John Barton considers a Christian way to read Old Testament stories

THE key to this book lies in the subtitle. One might think, naïvely, that since the Bible is about God throughout, then any commentary is necessarily going to be theological. It seems hardly worth saying. But, within Old Testament studies at the moment, much more than this is packed into the term “theological commentary”. It means that the book being commented on is seen as part of the sacred canon of scripture, and is to be interpreted in the light of the Church’s rule of faith.

Whereas traditional academic commentaries on Old Testament books — especially the most egregiously bloodthirsty one, Judges — aim at a kind of neutral presentation of the religious content within its original historical setting, “theological” commentaries trace lines of connection into the New Testament and beyond, and explicitly relate the book under consideration to themes of Christian theology.

Isabelle Hamley does not propound an ahistorical Christianising of Judges; she sets it in a broadly historical context in the life of ancient Israel, with the exile as an important backdrop. But nor does she detach it from the rest of the Bible. She draws out links to other Old Testament and New Testament books, so as to produce an account of the book as harmonising broadly with Christian belief. Even the most gory episodes have something to teach us, she argues, if read in the light of the gospel. Nothing is to be rejected; there is here no “hermeneutic of suspicion”.

All this should make the commentary valued by Bible-study and discussion groups, especially as it is attractively written and beautifully clear.

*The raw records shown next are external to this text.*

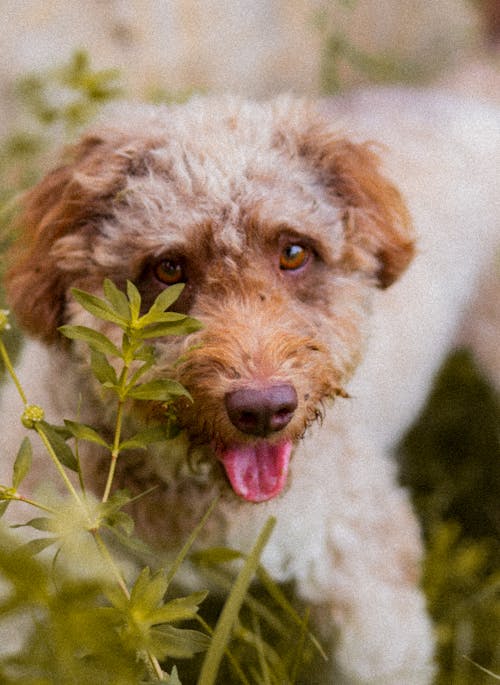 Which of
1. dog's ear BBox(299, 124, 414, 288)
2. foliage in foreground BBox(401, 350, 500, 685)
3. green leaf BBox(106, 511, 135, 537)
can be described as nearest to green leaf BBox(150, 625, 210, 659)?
green leaf BBox(106, 511, 135, 537)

It makes Judges helpful for Christian believers, which is no mean feat.

alamySacrifice of Jephthah’s Daughter (1650-60) by Pietro della Vecchia (1603-78) (Palmer Museum of Art, Pennsylvania State University)

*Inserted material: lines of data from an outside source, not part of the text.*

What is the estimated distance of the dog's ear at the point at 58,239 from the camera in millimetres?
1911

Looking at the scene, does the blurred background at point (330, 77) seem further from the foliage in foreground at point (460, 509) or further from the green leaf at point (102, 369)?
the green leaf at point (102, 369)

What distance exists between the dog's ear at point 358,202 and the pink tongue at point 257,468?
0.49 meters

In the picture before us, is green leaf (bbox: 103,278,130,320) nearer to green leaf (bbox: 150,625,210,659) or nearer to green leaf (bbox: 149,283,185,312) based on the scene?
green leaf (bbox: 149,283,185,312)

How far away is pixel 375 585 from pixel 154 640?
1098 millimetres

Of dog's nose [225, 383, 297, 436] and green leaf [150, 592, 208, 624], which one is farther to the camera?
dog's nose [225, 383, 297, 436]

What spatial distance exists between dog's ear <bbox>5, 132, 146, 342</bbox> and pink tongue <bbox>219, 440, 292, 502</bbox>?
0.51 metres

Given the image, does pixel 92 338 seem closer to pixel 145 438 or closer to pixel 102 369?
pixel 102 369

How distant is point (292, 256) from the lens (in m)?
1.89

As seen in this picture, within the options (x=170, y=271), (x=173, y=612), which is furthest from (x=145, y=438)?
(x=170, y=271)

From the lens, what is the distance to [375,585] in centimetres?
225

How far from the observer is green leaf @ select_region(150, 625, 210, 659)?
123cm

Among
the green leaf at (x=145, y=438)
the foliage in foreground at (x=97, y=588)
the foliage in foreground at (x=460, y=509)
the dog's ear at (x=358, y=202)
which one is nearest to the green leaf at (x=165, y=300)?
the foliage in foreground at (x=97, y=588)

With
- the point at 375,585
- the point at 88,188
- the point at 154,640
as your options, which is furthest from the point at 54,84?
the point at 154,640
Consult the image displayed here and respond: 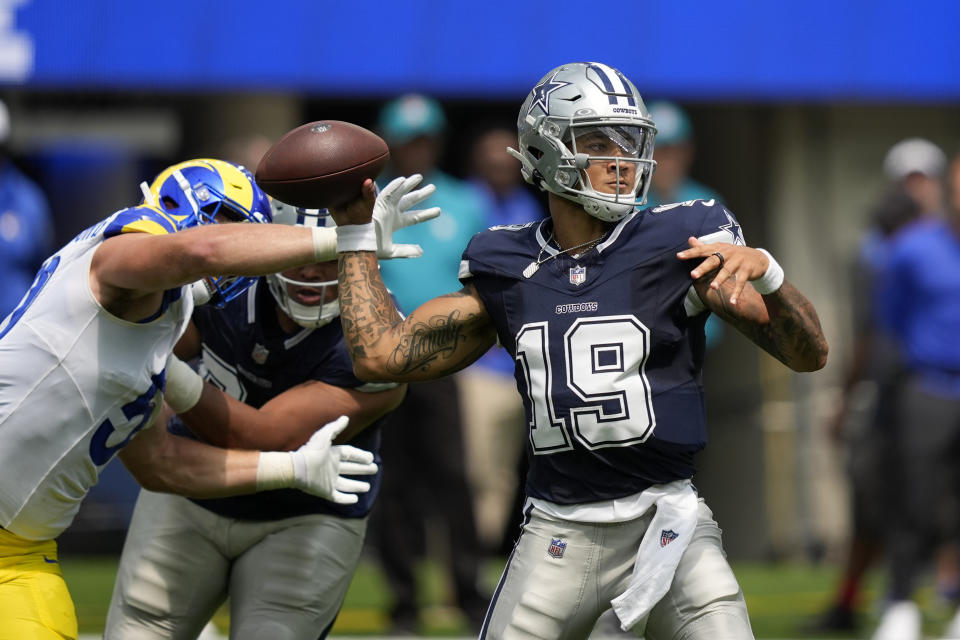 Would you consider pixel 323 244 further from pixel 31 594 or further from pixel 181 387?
pixel 31 594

Often, Hamley speculates on the inner life of characters in the story — for example, Jephthah’s daughter — treating them as historical figures about whom we can ask psychological questions rather than as figures of legend.

Jephthah himself is to be condemned for not knowing, from the laws in the Pentateuch, that his vow to sacrifice the first person whom he met on returning home was illicit and ought to be broken — implying that those laws were already in force in his day, just as the Bible (read straightforwardly) would lead us to think. But were they really, and was Jephthah a real person anyway? This is a question that doesn’t get asked here. It may, of course, be thought that it doesn’t matter, for a theological reading.

Such a style of reading is here to stay, and this is a fine example of it. Hamley does not hesitate to introduce Christian terms such as grace, seeing in Judges the same juxtaposition of “justice and mercy” as we find in St Paul. Judges emerges as a profoundly Christian text: there is no consideration of how it might look to a Jewish reader, but that is, in any case, rare in Christian commentaries. The book will dissuade many readers from seeing Judges as a no-go area for Christians, and help to reintegrate it into the Christian Bible.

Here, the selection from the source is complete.